Der Multiplikator ist allerdings nur auf die jährlich wiederkehrenden Aufwendungen anzuwenden (siehe Abbildung 1). Um eine aufwendige Trennung zwischen aufzubewahrenden und freiwillig aufbewahrten Unterlagen (für diese ist eine Rückstellungsbildung nicht möglich) nicht vornehmen zu müssen, erlaubt das Finanzamt einen pauschalen Abschlag von 20% auf die Kosten der Archivierung.

Rückstellung für die Aufbewahrung von Geschäftsunterlagen nach IFRS
Rückstellungen sind nach International Accounting Standard 37 (IAS 37) bei Vorliegen der nachfolgenden Tatbestandsmerkmale zu bilden:

  • gegenwärtige – rechtliche oder faktische – Außenverpflichtung
  • aufgrund eines vorhergegangenen Ereignisses
  • mit wahrscheinlichem Abfluss von Ressourcen
  • bei zuverlässiger Schätzungsmöglichkeit der Verpflichtung

Da eine gesetzliche oder vertragliche Aufbewahrungspflicht vorliegt, können Sie bei der Bewertung der Rückstellung nach IAS 37 auf eine Vollkostenbetrachtung abstellen und die Aufwendungen wie nach HGB ermitteln.
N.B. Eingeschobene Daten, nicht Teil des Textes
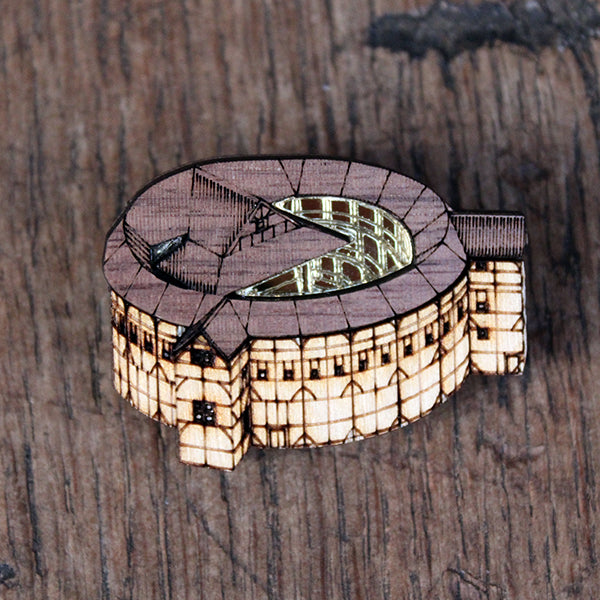 Walnut and Birch brooch shaped like the Globe Theatre from above, with gold acrylic detail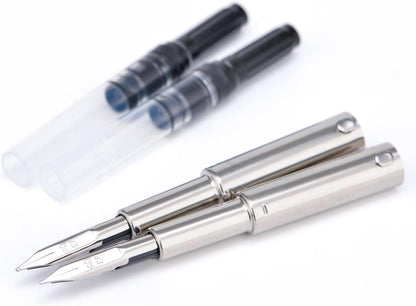 2PCS Jinhao 10 Fountain Pen Nib Section Set for Replacement, Iridium Stainless Extra Fine Nib with 5.5mm Diameter Ink Converter Set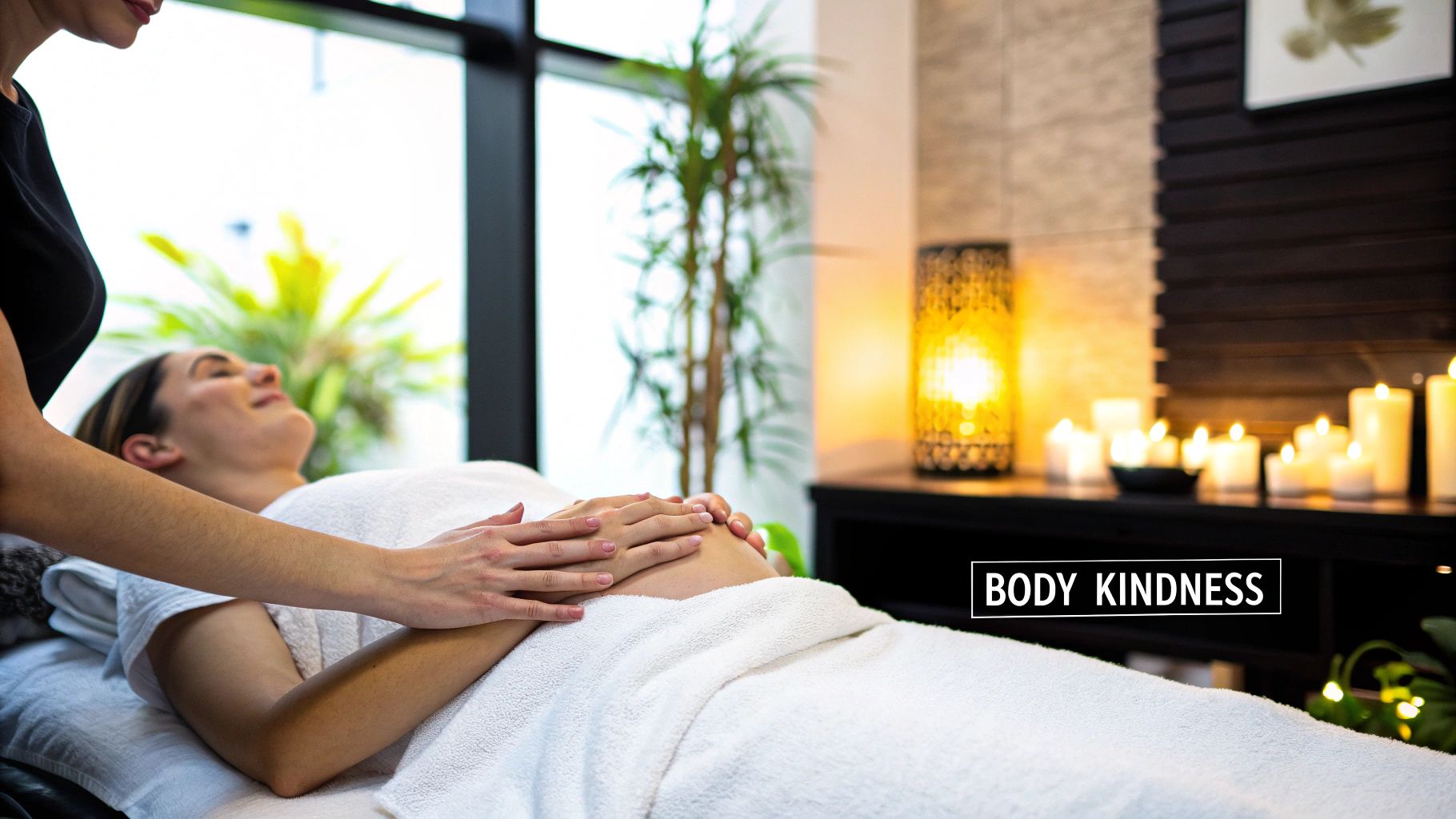 Woman receiving a gentle abdominal massage in a calm spa setting.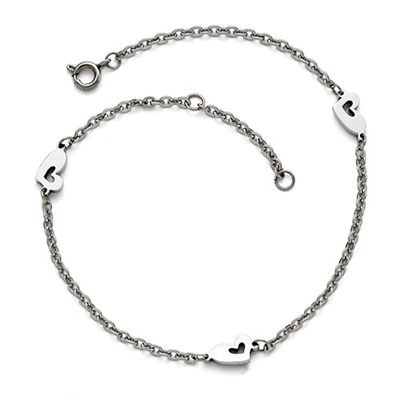 Stainless Steel Polished Heart Anklet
Im Unterschied zum Steuerrecht müssen Sie jedoch grundsätzlich eine Abzinsung der Rückstellung in Höhe des Barwertes der erwarteten Ausgaben vornehmen, wobei Sie auf den aktuellen Kapitalmarktzins zurückgreifen können.

Hinweis: IAS 37 verlangt nur bei wesentlichen Effekten eine Abzinsung. Bei vielen Archivierungsrückstellungen kann in der Regel darauf verzichten werden.